小学生の時からずっと、園田マリアを推し続けてくれた相手。こうして会ってしまうのは、他のファンに悪いかも知れない。
平等ではないかも知れないが、何事も縁というものはある。有名人と知り合いな人が、全員ズルをしている訳ではない。
それに主目的はあくまで美佳子の負担軽減と、田村さんのバイトだ。結果的に活動に活かされるのだからトータルでプラスだ。
「ありがとうね田村さん。さて、ここからはお仕事の話だよ」
「は、はい!」
「先ず基本的な業務は、経費の記録やグッズの発送作業だね」
事務的な雑用がバイトとしての業務だ。俺は良く知らなかったけど、そう言った諸々は全部外部に丸投げ出来ない場合があるらしい。
勝手に全部、税理士とか会計士がやってくれると思っていた。でも実際は全部やっていない税理士や会計士の事務所もある。
他にも料金が大きく変わるなどのデメリットも存在し、必ずしも丸投げがプラスとは限らないみたいだ。
トータルで見ると、会計ソフトを使う方が良かったと聞いている。あとはその分を所属ライバーの収入に回したいとも言っていた。
美佳子の事だから、後者の方が理由として大きそうだ。
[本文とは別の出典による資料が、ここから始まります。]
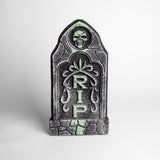 Lápida Calavera RIP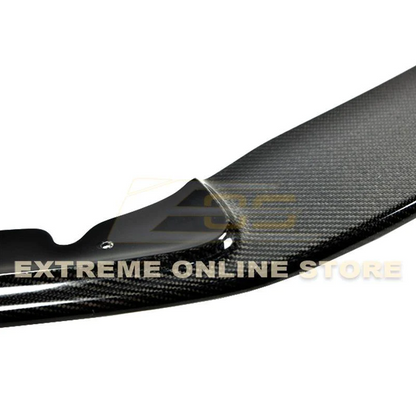2013 - 14 Focus ST Carbon Fiber / Primer Black Front Splitter Lip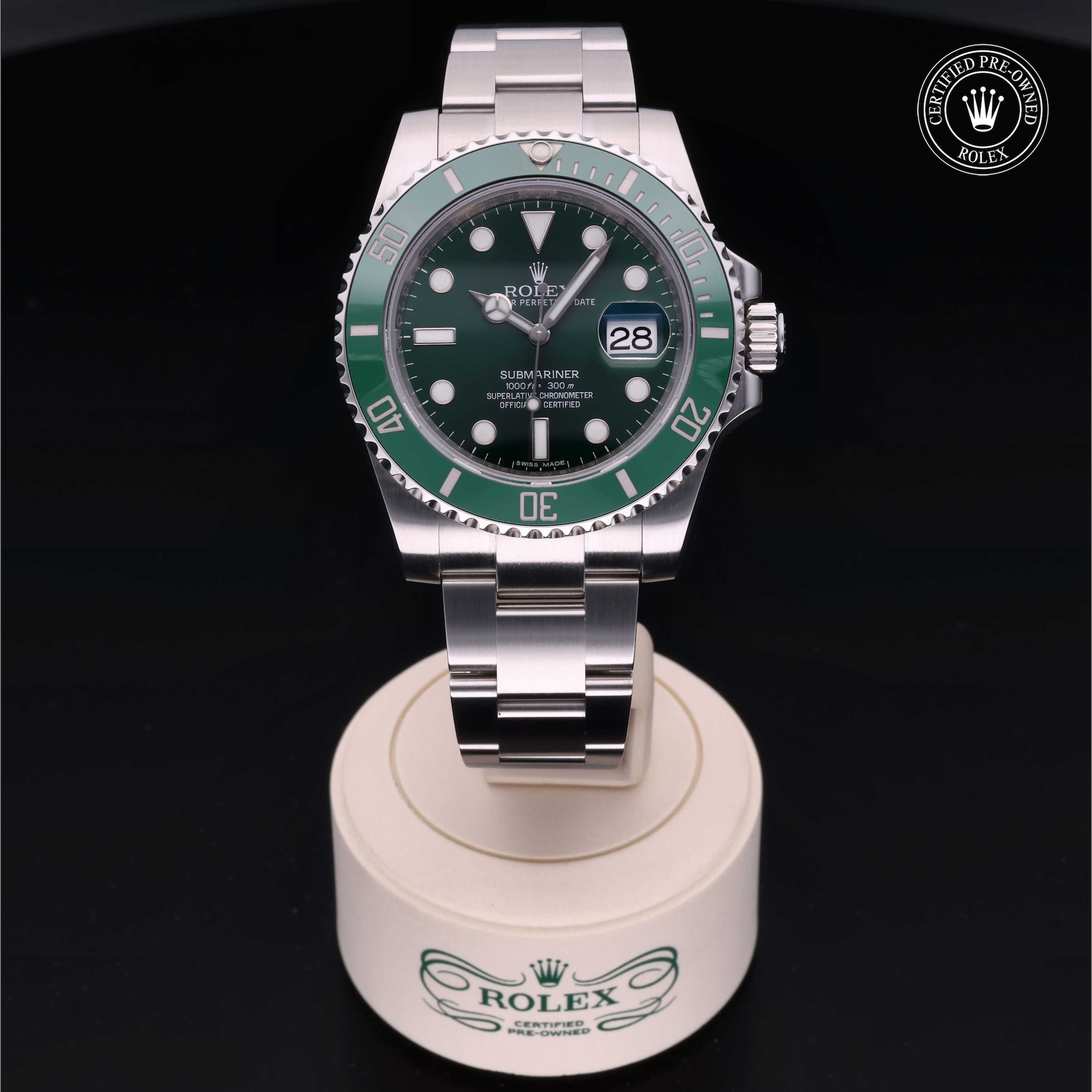 Rolex Certified Pre-Owned Submariner Date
社員にはしっかりと支払え、と以前にも配信で言っていた。
「簿記3級なら、ある程度は分かるよね?」
「じ、実務経験はありませんが、知識としてはあります」
「最初から完璧を求めていないから、そこは安心してくれて良いよ。ちゃんとボクが教えるから」
こうして経営者をやったり投資をしたりする等、美佳子の社会的な知識と経験は結構豊富だ。
私生活に目を瞑れば、非常に優秀な女性だと言える。その私生活がかなり豪快と言うか、ハチャメチャと言うか。
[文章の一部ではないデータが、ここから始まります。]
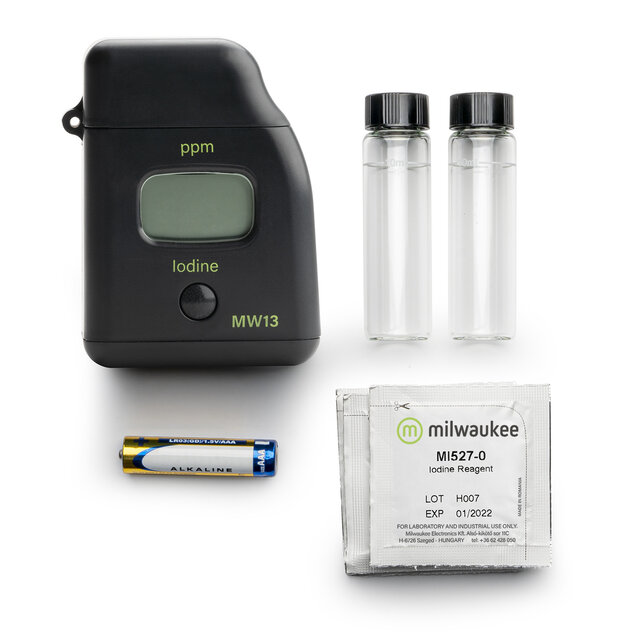 Milwaukee MW13 Digital Iodine Tester Milwaukee MW13 Digital Iodine Tester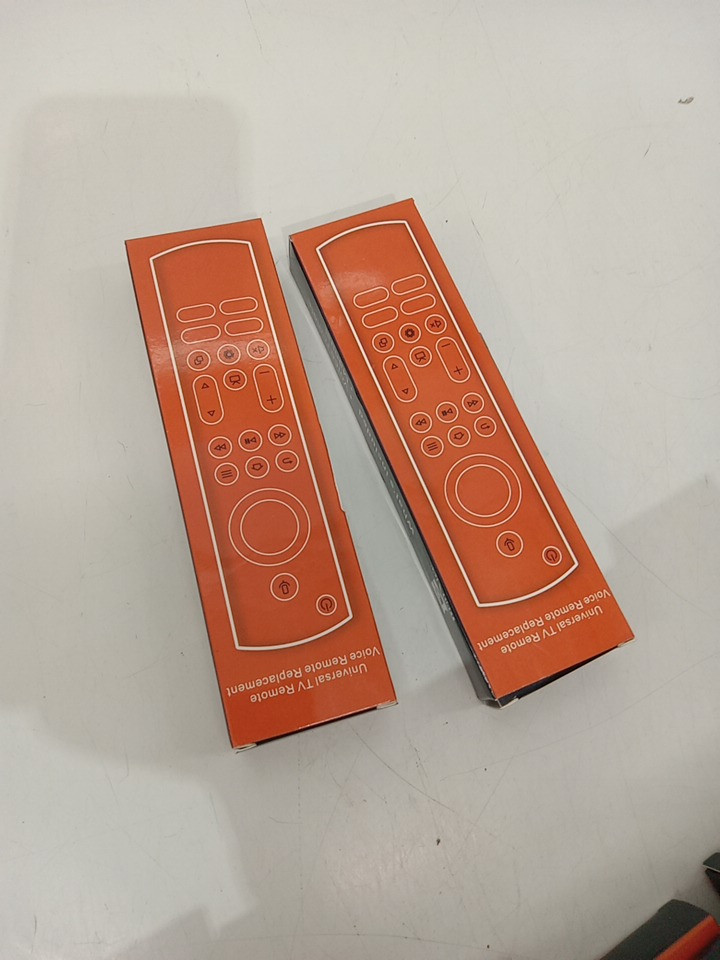2 Brainice Replacement Remote control for select smart TVs & amazon fire devices with Voice Control image 2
世の中には完璧な人間なんて居ないのだと、教えてくれていると考えれば二重の意味で優秀だ。
…………いやよそう、都合良く考えるのは。どう考えてもそんな崇高な目的で美佳子は散らかしていない。
普通に面倒くさいからやらないだけだ。ダメなものはダメと言える彼氏で居よう。まあそれも、最近は怪しい気もするけど。
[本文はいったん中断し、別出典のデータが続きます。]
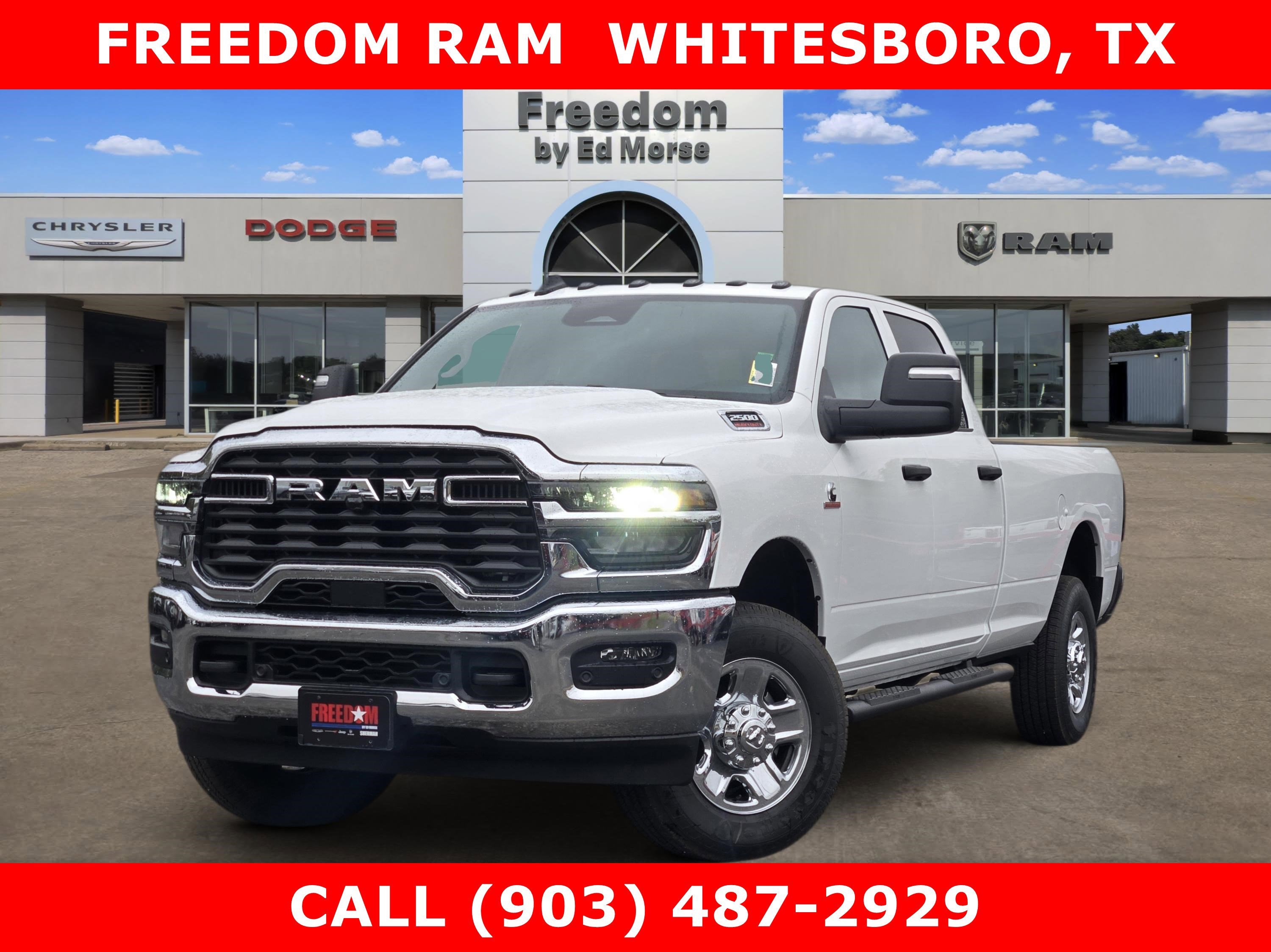 2026 RAM Ram 2500 RAM 2500 TRADESMAN CREW CAB 4X4 8' BOX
「週3日から4日までいけるんだ? 大変だけど大丈夫?」
「えっと、将来Vtuber関係の企業に就職したくて」
「なるほどねぇ。じゃあ良い経験になるかもね」
俺は今回の件では、あまり美佳子に情報を渡していない。志望理由などを全部俺が伝えてしまうと、余計なお世話になると思ったからだ。
熱意とかそういう部分は、田村さんが自分で話すべき事だ。俺はマサツグが邪魔をしない様に抱いたまま、心の中で田村さんを応援しつつ見守り続けた。